Ecco la dialettica. Da un lato il montaggio sincopato, quasi subliminale, che schizza le immagini come in un sogno da febbre tropicale. Dall’altro l’immagine larga, scope, 2.76:1: spazi dilatati, distese di verde, natura riconquistata. La verticalità ansiogena del montaggio e l’orizzontalità contemplativa del paesaggio. La bellezza dell’Eden e la putrefazione dei corpi: la carne marcia dei slow-lows (i nuovi infetti quasi-lumaca), le masse nervose degli alpha, dei berserker, i capibranco della mutazione. Boyle gioca qui la sua carta iconologica più audace: riscrivere l’immaginario stanco dello zombie aggiornandolo come se fosse un nuovo stadio evolutivo, non più l’orda acefala ma la tribù postumana. Il virus come speciazione.


Il viaggio dell’eroe, però, è ancora quello antico.
Prima il figlio Spike segue il padre Jamie nel rituale dell’iniziazione: cacciare, uccidere, diventare adulto. Ma il padre si rivelerà inadatto, infingardo, moralmente imperfetto, incapace di reggere l’ethos che pretende di insegnare. E allora il secondo viaggio comincia: il figlio con la madre, viaggio di maturazione non più guerriera ma affettiva. Un viaggio memento mori e memento amoris insieme: il coraggio non come uccidere, ma come restare. Accudire. Amare nel limite.
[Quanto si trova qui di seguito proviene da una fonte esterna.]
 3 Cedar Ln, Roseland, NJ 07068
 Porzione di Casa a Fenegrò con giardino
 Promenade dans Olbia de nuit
In questa dialettica tra guerra e cura, Boyle introduce il suo gesto più simbolico: il neonato. Figlia di un'infetta, la bambina nasce sana. La vita — biologicamente — resiste. Il futuro non è garantito, ma è ancora possibile. E questa nascita, questa piccola rottura nel ciclo della morte, risuona come un piccolo miracolo cristiano: il giorno del giudizio è passato, i morti sono risaliti dalla terra, eppure qualcosa di puro ancora germina.
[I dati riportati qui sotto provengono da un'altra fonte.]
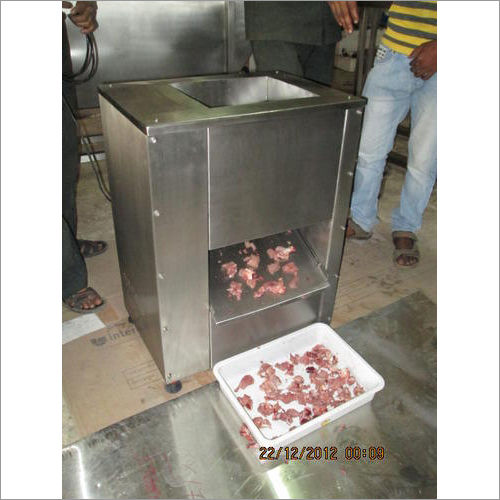 https://cpimg.tistatic.com/03483697/b/5/Chicken-Meat-Cutting-Machine.jpg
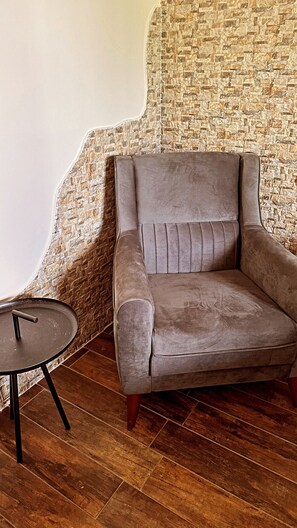 Suite – executive, balkong, bassengutsikt | Oppholdsområde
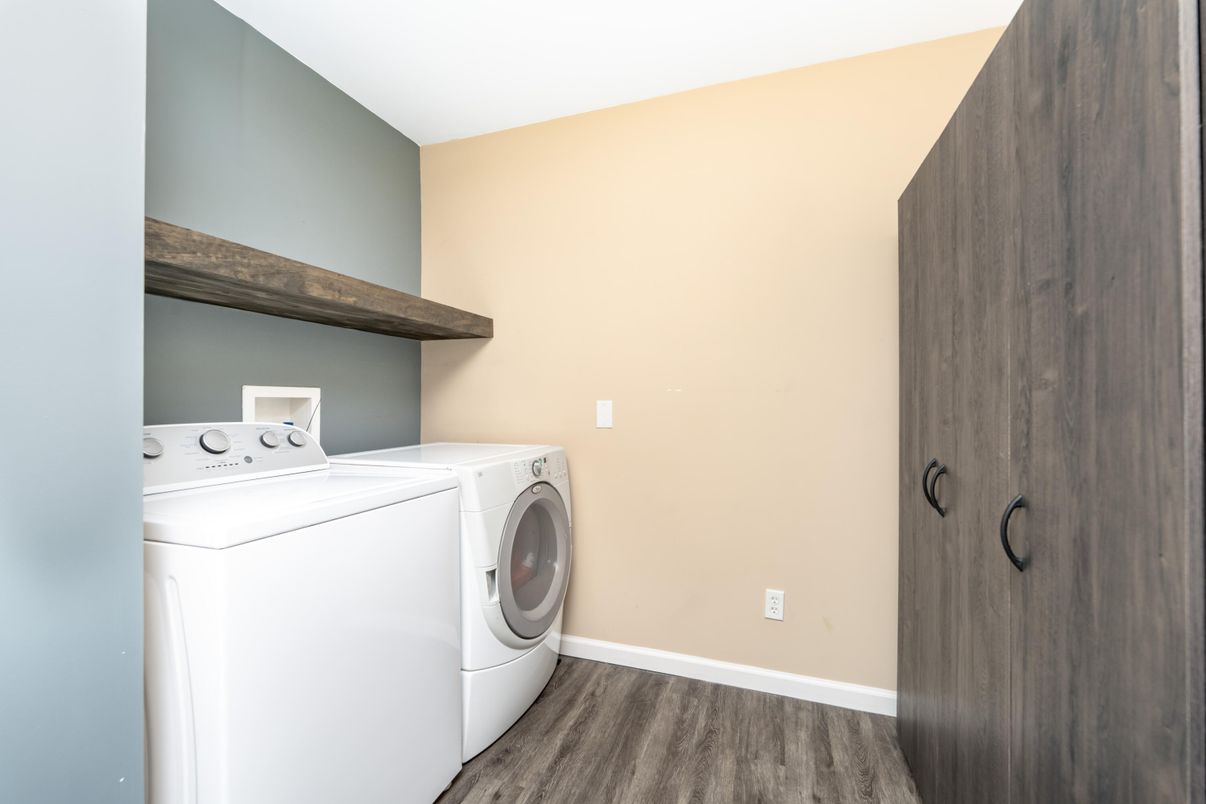 Interior, Washer, Wood Texture Flooring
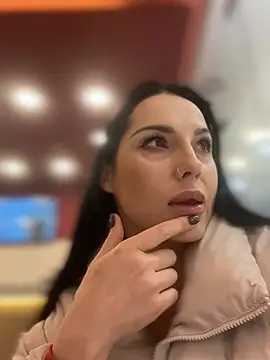 Roxana-Sexy online show from March 2026 05:12:02 AM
Del resto, l’immaginario cristiano attraversa tutto il film come filigrana mai del tutto sotterrata: le croci che punteggiano l’isola, il villaggio come monastero armato, il Bone Temple costruito dal dottor Kelson (Ralph Fiennes come un Marlon Brando esiliato in un Isola del dottor Moreau laico, vestito di iodio e armato di soffiatori velenosi). La chiesa delle ossa come memento mori collettivo. Non c’è differenza, dice Kelson, fra morti e infetti: sono tutti ugualmente umani, egualmente perduti. Eppure celebrati. Il tempio funebre come ultima liturgia laica di un mondo post-redenzione.
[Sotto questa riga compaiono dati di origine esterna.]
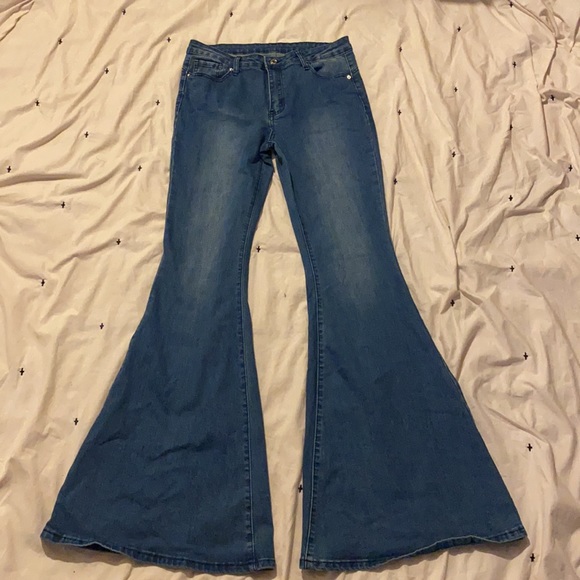 Jeans - Picture 3 of 4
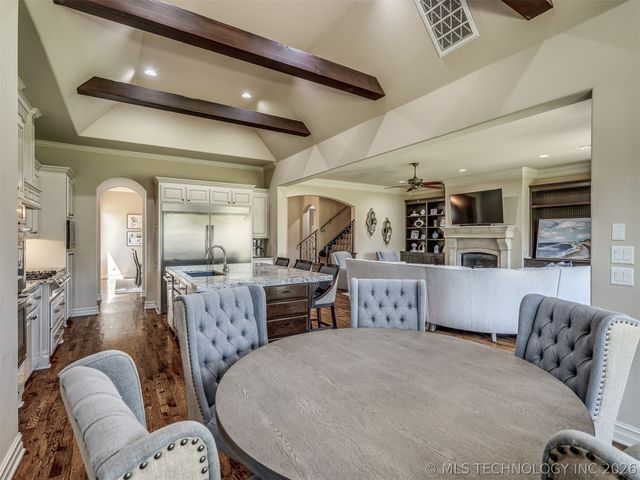 5902 E 110th Place, Tulsa, OK 74137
Ma c’è anche l’ironia. Quella britannica, tagliente, inevitabile. L’Inghilterra qui è letteralmente isolata. Non perché sia stata respinta: perché si è lasciata respingere. Brexit è il virus mai nominato ma onnipresente. La quarantena perpetua è insieme sanitaria, politica, culturale. È l’Inghilterra che si auto-espelle dal consesso dei vivi per ritornare a un’illusione di purezza identitaria. Una regressione che Boyle osserva con un misto di rabbia e malinconia. Come guardare un vecchio parente che sceglie volontariamente l’Alzheimer ideologico.
Rispetto all’immaginario ormai frusto dello zombie pop — saturo di repliche, parodie, streaming — 28 anni dopo riscrive il genere come parabola più complessa: la mutazione biologica come metafora politica, il viaggio horror come racconto di formazione interiore, la visione apocalittica come metafisica dell’Occidente esausto.
E certo: qui il rischio del pasticcio — dell’accumulazione iconologica, della sovradeterminazione di senso, della sinfonia che sconfina nella cacofonia — è sempre dietro l’angolo. Ma Boyle, come un acrobata, continua a stare in equilibrio sul filo del troppo, concedendo al film quella densità nervosa e contraddittoria che lo rende, proprio per questo, più interessante.
La vera paura non è più il virus.
È chi siamo diventati dopo avergli sopravvissuto.